Getting used to the way this game works may also be a tad difficult for the younger crowd. There is an activity list, but it’s not present within the main campaign (for lack of a better term.) Instead, the entire island is at your fingertips. This is both a positive and a negative, with the aforementioned exploration ability being the pro. On the downside, finding every activity can be a bit difficult. They’re spread out all over the map with just a red mini-map dot as an indicator of where your next task is. There’s no set order to play things in, though a young girl acts as a tour guide, giving the player ideas as to which option to try next. Opening up a full map will give fast-travel options, though activities located near each one are absent from the piece of parchment.
Progression is never limited to those who don’t make it onto the podium. Event completion is all that counts, with the game adopting a no-scores kept idea. Think of it like a child’s soccer game, played in a league that is just for fun. That’s what Go Vacation and its getaway island are like, though other sports take the forefront here. The gold and silver keys are more for bragging rights than anything, considering that they don’t act as a requirement for any sort of forward movement within the game. That’s certainly a plus for families with younger gamers, though the absence of great rewards means that there’s less incentive to play through everything.
Namco Bandai Games‘ disc-based trip to an island paradise is colourful and varied in its geographical look.

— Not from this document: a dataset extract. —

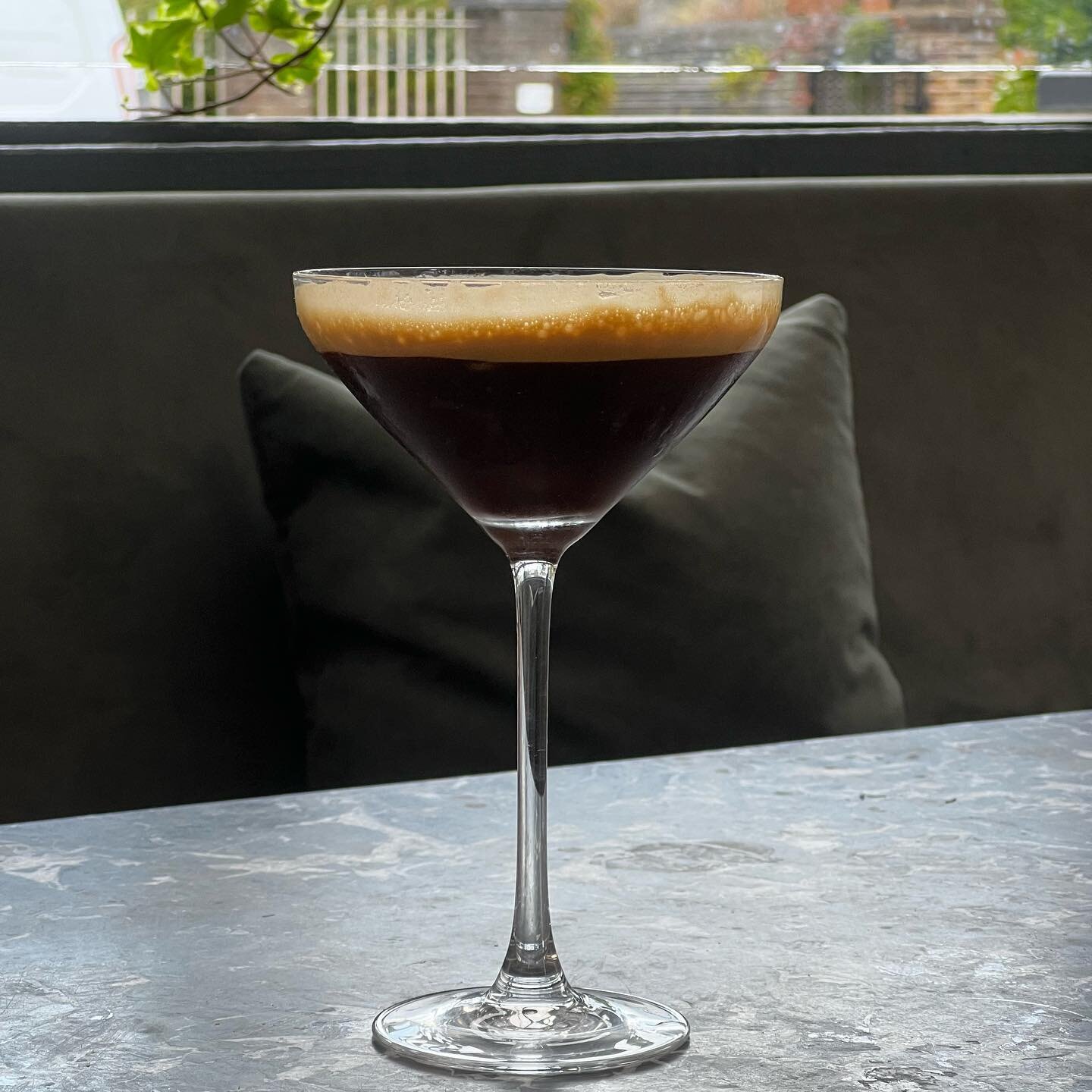 Monday Martini? Cure the blues from the British summer time with an Espresso Martini pick-me-up 🍸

Its characters are admittedly quite basic in design however, employing caricatured and cartoon looks. Nothing here screams of originality, but it’s not a requirement when it comes to family-friendly games like this. What matters is that there’s a ton of colour and a lack of performance issues – for the most part. I noticed the odd hint of slowdown, which is something that won’t be complained about by the title’s target audience.
Surely you’ve heard those kids’ songs which act more as motivators than actual music. That is exactly what you’re greeted with upon inserting the Go Vacation disc into your Wii console. It’s happy, flamboyant and loud. The stereo’s volume level drops in-game, resulting in quieter music that fits quite well. Since there is no voice acting to be found, this original score and its cartoon sound effects play a big role in creating an immersive game world. Combined, both sections of the game’s soundtrack do a good job of accentuating the on-screen action. Kids will enjoy the thunks, thuds, engine sounds and everything else.
Despite its shortcomings, Go Vacation is a solid mini-game compilation for young children and others who are interested in casual, easy-to-learn gaming. There are a lot of varied options to participate in throughout the island, though control issues sometimes negatively affect those experiences. At an affordable price of $39.99, it’s easy to recommend this digital outdoor excursion to those whom would benefit from it: The younger gaming crowd and those who have never picked up a controller before. Perhaps those two will combine at certain points – an area where Namco Bandai Games‘ latest Wii title will be a good fit. Anyone looking for a good holiday gift for a little niece or nephew should certainly check this one out. Although it’s not the most original game on the market, Go Vacation is a lot better than most of its competitors.
Go Vacation was released on October 11, 2011. This review is based on a copy of the game which we received for review purposes. We utilized the standard Wii-mote and nunchuk control scheme for this review, though the light gun and balance board attachments also work with this game.